| Try it |
Where does the word "wooden" appear in the data? Copy every line that holds it.

[Recorded data]
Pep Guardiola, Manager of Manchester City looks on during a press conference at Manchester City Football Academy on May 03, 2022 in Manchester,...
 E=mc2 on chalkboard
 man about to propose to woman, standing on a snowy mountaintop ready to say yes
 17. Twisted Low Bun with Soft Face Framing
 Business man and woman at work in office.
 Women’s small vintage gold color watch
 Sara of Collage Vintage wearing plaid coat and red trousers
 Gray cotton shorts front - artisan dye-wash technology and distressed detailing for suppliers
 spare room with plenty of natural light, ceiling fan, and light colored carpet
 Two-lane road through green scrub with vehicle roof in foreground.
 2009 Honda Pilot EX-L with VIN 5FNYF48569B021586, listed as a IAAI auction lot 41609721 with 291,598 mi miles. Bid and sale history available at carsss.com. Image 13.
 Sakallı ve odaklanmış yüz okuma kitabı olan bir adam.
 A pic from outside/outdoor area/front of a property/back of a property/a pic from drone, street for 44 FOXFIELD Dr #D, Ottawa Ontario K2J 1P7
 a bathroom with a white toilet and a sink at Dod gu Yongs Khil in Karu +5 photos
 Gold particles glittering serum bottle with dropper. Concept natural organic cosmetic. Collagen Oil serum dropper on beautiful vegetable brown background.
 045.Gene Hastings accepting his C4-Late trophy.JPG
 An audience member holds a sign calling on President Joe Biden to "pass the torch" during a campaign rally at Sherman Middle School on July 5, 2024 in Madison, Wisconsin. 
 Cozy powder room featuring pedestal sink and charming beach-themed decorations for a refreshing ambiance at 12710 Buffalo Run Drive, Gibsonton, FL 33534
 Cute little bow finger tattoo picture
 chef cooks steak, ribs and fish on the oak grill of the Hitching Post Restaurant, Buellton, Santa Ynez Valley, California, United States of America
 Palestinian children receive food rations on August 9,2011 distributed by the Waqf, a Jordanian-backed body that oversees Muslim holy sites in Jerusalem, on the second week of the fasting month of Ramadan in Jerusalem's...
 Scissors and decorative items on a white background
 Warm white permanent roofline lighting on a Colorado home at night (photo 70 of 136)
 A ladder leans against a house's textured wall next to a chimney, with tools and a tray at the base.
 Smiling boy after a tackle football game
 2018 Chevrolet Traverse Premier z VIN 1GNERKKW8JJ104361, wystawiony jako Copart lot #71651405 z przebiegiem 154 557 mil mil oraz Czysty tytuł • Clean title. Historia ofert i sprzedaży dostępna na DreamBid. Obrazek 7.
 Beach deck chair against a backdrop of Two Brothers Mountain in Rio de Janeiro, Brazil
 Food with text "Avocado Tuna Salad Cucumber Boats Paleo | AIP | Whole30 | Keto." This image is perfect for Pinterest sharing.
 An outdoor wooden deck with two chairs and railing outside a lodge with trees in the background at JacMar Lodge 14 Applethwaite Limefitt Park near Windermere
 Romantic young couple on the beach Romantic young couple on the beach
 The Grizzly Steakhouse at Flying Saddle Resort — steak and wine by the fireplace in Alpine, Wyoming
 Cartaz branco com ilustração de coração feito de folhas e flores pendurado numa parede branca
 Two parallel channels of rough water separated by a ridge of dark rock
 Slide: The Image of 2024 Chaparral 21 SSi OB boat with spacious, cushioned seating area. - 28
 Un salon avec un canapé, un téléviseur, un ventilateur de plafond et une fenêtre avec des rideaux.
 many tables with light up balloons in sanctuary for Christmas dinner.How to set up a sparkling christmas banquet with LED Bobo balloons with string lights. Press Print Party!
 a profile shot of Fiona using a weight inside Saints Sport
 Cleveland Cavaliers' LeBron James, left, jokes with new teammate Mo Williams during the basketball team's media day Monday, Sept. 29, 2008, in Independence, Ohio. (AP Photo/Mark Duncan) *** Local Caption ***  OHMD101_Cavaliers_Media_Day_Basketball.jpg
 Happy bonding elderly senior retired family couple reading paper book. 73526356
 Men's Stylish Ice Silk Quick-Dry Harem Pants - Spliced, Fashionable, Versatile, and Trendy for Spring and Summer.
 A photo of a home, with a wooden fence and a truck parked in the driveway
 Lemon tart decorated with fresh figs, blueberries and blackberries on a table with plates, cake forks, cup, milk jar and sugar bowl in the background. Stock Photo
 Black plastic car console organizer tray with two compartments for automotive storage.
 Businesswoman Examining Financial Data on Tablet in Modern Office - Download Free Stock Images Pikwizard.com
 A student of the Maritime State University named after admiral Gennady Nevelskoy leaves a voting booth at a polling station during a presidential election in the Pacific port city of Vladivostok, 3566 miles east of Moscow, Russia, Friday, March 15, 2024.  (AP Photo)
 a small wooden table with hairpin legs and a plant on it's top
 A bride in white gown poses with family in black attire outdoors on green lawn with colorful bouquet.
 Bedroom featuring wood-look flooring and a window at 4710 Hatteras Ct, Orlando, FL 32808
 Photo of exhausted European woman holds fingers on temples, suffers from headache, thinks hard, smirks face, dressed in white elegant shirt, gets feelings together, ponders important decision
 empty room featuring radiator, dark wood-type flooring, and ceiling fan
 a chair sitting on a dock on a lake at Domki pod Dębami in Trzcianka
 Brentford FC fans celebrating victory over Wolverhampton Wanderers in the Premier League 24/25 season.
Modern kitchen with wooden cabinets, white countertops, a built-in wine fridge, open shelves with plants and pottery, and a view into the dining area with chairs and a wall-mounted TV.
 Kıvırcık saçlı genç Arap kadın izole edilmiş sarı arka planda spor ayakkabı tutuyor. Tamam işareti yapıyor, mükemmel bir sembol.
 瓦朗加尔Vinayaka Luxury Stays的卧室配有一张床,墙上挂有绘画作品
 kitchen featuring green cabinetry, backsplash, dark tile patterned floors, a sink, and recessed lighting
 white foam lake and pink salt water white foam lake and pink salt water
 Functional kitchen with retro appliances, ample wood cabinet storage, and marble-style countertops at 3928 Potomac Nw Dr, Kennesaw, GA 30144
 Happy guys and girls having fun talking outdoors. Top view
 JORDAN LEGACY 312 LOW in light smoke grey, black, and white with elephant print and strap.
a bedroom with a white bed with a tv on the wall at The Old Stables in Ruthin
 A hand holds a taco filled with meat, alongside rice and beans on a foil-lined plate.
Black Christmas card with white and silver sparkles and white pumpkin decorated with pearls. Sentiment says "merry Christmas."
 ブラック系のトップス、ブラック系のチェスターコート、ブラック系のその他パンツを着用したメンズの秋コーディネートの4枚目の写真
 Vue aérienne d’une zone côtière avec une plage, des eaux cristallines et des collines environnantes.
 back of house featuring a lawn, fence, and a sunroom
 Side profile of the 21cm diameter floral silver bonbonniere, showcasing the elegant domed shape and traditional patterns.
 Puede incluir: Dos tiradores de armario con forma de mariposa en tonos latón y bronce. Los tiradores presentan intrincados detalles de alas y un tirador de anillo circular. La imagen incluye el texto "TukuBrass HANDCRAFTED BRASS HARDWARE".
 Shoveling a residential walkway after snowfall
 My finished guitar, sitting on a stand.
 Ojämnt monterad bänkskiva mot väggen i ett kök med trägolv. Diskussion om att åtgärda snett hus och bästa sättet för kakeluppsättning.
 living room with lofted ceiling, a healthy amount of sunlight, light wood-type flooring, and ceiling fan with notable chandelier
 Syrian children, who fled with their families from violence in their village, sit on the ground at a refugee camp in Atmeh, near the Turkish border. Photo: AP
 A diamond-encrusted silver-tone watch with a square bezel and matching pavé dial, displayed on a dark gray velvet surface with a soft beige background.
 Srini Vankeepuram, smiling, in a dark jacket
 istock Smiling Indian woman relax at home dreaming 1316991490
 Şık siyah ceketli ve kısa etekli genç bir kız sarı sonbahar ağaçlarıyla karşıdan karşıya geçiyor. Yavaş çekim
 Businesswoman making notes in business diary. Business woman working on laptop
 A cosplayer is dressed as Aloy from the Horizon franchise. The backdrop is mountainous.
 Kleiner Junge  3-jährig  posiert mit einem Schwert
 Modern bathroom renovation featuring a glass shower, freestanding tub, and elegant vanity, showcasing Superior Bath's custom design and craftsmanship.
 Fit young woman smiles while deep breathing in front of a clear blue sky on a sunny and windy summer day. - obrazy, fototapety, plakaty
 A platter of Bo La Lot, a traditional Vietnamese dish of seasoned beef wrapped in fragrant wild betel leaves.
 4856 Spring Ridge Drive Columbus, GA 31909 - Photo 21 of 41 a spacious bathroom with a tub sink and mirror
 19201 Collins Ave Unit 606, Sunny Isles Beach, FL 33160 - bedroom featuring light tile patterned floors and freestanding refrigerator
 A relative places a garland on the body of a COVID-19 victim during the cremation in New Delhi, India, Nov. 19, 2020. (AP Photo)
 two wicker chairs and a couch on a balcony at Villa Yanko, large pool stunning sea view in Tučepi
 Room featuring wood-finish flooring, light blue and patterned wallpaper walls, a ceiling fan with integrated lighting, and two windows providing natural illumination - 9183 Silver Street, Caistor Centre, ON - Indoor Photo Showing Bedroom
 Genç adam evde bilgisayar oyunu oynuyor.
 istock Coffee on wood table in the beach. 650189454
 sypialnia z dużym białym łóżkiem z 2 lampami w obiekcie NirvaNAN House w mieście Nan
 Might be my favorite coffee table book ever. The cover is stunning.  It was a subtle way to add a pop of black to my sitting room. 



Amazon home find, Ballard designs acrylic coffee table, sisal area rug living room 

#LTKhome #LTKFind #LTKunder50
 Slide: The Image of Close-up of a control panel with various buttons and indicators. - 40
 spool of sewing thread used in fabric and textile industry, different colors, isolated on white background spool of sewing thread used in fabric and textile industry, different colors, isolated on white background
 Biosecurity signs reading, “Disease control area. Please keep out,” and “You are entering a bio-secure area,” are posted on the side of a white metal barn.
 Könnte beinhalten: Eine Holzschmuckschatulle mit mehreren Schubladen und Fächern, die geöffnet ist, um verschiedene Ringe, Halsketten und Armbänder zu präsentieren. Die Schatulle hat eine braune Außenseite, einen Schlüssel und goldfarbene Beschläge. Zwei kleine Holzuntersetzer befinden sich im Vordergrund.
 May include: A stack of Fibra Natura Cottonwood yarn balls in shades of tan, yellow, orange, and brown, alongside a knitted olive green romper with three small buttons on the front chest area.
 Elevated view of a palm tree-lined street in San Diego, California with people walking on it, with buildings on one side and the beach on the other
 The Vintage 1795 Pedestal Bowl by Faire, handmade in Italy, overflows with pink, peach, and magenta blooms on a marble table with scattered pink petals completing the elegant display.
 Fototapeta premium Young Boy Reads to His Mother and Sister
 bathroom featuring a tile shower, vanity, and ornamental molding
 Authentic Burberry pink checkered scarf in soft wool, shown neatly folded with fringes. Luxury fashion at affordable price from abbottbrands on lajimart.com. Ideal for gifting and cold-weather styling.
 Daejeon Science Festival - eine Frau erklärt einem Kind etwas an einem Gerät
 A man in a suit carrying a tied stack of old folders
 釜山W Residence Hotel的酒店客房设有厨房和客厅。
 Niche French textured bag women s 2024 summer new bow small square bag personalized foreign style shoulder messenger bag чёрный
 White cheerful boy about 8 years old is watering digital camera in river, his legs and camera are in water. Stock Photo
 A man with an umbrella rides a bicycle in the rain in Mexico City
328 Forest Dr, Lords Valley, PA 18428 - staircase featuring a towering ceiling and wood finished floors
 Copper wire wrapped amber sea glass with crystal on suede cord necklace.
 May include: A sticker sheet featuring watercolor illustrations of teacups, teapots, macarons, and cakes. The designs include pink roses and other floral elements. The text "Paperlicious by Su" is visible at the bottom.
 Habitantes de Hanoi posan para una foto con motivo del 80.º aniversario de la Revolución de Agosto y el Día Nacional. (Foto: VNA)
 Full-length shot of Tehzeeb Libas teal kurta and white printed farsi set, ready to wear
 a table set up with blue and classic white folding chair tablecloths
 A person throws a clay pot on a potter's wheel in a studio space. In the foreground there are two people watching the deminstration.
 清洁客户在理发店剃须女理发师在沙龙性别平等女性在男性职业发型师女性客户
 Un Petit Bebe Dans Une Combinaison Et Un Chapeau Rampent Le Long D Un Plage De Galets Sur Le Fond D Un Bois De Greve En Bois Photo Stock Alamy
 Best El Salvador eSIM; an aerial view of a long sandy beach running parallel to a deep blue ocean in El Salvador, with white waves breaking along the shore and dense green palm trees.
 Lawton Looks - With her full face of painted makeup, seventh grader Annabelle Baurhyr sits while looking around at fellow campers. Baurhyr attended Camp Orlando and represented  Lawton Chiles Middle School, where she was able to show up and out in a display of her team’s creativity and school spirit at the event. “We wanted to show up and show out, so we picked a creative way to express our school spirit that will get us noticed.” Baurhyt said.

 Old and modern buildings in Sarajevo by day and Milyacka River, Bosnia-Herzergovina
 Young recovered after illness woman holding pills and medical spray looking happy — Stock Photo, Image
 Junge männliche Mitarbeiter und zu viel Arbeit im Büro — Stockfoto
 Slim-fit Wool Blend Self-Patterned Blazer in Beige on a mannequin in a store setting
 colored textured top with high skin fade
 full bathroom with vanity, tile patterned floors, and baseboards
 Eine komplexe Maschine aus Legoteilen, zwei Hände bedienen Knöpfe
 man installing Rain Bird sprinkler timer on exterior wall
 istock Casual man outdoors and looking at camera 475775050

| Output |
 An outdoor wooden deck with two chairs and railing outside a lodge with trees in the background at JacMar Lodge 14 Applethwaite Limefitt Park near Windermere
 A photo of a home, with a wooden fence and a truck parked in the driveway
 a small wooden table with hairpin legs and a plant on it's top
Modern kitchen with wooden cabinets, white countertops, a built-in wine fridge, open shelves with plants and pottery, and a view into the dining area with chairs and a wall-mounted TV.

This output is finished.